[Provided information — start]

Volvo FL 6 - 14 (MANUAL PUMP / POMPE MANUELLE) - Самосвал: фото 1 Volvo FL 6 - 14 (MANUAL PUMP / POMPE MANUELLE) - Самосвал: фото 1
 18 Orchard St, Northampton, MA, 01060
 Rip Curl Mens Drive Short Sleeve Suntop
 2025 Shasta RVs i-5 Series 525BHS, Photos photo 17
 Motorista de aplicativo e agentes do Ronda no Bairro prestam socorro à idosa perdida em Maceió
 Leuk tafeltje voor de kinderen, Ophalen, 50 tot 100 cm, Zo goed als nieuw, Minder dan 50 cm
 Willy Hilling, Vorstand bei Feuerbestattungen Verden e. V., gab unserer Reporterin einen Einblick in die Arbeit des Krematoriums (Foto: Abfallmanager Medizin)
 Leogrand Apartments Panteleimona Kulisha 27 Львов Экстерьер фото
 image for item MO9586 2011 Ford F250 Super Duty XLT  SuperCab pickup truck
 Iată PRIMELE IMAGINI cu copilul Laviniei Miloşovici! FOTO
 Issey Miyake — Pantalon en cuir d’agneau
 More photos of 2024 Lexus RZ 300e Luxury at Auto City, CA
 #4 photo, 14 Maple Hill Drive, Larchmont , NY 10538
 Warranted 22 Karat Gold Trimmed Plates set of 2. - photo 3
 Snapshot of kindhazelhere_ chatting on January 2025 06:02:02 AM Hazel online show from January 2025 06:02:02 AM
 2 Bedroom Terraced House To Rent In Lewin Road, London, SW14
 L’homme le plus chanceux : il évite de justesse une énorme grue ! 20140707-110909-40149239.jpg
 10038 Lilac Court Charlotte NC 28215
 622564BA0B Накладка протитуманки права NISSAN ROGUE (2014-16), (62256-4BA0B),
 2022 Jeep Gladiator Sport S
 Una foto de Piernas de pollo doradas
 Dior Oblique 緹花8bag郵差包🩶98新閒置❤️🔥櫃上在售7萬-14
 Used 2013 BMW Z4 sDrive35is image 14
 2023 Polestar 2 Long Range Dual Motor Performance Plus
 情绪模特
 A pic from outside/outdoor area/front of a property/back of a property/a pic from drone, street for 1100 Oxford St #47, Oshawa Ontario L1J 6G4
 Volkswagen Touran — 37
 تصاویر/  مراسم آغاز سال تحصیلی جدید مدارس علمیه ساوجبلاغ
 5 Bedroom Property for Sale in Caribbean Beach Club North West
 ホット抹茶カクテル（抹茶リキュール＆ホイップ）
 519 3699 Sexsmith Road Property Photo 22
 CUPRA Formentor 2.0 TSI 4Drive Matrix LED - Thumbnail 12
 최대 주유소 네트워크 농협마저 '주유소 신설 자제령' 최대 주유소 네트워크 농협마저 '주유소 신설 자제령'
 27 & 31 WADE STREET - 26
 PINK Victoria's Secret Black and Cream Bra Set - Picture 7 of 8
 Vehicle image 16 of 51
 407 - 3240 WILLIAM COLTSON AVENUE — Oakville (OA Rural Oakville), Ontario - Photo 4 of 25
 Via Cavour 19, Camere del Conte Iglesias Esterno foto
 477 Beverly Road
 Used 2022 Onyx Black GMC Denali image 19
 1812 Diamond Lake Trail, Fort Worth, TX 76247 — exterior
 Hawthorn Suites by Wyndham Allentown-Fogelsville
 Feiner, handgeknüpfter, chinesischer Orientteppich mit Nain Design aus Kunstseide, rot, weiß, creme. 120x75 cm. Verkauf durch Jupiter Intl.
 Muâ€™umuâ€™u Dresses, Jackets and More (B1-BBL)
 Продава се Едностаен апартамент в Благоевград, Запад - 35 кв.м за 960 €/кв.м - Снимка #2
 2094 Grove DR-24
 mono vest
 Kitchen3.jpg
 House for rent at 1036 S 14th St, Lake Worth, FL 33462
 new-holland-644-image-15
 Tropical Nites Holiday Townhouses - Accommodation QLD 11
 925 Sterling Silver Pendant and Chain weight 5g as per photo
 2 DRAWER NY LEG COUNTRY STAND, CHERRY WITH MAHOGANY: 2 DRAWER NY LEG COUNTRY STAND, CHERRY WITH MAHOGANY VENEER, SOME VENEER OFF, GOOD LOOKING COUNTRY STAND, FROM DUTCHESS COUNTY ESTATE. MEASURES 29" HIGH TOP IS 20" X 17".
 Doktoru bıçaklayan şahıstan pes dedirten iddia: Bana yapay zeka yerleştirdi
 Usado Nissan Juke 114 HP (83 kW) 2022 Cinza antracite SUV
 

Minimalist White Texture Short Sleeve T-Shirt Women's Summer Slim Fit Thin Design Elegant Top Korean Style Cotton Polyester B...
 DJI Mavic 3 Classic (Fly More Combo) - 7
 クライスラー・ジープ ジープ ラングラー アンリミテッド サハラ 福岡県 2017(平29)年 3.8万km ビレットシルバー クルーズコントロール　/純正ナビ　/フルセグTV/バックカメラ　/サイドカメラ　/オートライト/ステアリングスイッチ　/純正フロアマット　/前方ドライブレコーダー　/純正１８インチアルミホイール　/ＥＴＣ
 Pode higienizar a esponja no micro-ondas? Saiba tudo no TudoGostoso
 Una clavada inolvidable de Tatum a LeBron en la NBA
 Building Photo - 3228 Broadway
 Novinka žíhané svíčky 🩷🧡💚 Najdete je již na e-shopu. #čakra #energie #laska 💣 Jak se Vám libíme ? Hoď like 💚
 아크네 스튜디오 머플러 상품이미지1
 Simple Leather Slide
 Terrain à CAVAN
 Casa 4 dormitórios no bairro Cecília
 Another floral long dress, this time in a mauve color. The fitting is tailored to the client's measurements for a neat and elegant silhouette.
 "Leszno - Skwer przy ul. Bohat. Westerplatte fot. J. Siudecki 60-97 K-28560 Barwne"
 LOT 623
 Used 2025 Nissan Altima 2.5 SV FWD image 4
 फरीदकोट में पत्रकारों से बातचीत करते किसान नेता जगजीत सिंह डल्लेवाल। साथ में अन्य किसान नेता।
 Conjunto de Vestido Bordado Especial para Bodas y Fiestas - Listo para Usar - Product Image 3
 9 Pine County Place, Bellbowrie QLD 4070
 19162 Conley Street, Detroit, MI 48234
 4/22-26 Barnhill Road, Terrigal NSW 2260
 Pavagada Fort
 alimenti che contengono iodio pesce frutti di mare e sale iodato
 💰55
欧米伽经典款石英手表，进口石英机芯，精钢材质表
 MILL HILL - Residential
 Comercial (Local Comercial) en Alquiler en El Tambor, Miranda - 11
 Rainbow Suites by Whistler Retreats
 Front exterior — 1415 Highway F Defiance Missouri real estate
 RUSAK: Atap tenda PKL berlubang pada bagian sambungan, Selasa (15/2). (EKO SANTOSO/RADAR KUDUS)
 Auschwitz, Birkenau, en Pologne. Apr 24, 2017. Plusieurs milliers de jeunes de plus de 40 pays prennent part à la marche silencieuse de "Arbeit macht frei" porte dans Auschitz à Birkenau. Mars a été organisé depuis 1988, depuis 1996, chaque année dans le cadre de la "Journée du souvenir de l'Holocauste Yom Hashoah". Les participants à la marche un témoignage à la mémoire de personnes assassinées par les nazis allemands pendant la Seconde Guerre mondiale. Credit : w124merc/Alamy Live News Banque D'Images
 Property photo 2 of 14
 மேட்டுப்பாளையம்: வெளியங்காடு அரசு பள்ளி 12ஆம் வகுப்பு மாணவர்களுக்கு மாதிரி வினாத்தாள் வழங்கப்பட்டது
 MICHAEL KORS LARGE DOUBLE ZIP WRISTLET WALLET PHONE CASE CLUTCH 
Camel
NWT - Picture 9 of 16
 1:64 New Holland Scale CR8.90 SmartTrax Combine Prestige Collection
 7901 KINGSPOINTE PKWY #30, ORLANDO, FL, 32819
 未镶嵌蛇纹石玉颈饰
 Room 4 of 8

[Provided information — finish]

Problem requirements:
Each line from the top of the records through the one with "Leuk tafeltje voor" should be returned exactly. Leave out everything else.

Result:
Volvo FL 6 - 14 (MANUAL PUMP / POMPE MANUELLE) - Самосвал: фото 1 Volvo FL 6 - 14 (MANUAL PUMP / POMPE MANUELLE) - Самосвал: фото 1
 18 Orchard St, Northampton, MA, 01060
 Rip Curl Mens Drive Short Sleeve Suntop
 2025 Shasta RVs i-5 Series 525BHS, Photos photo 17
 Motorista de aplicativo e agentes do Ronda no Bairro prestam socorro à idosa perdida em Maceió
 Leuk tafeltje voor de kinderen, Ophalen, 50 tot 100 cm, Zo goed als nieuw, Minder dan 50 cm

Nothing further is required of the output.